* Your instructions
Nothing but the lines from the one with "У Вінниці провели" through the end of the material should be retyped, word for word and without pictures.

* Recorded data
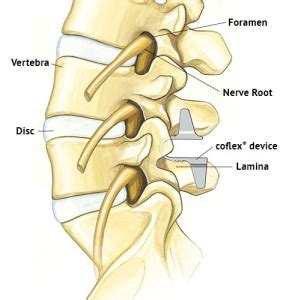 Coflex | Neurotexas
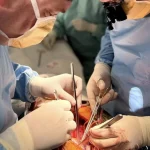 У Вінниці провели трансплантацію серця від померлого донора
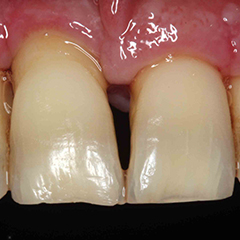 periodontitis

* Response area
 У Вінниці провели трансплантацію серця від померлого донора
 periodontitis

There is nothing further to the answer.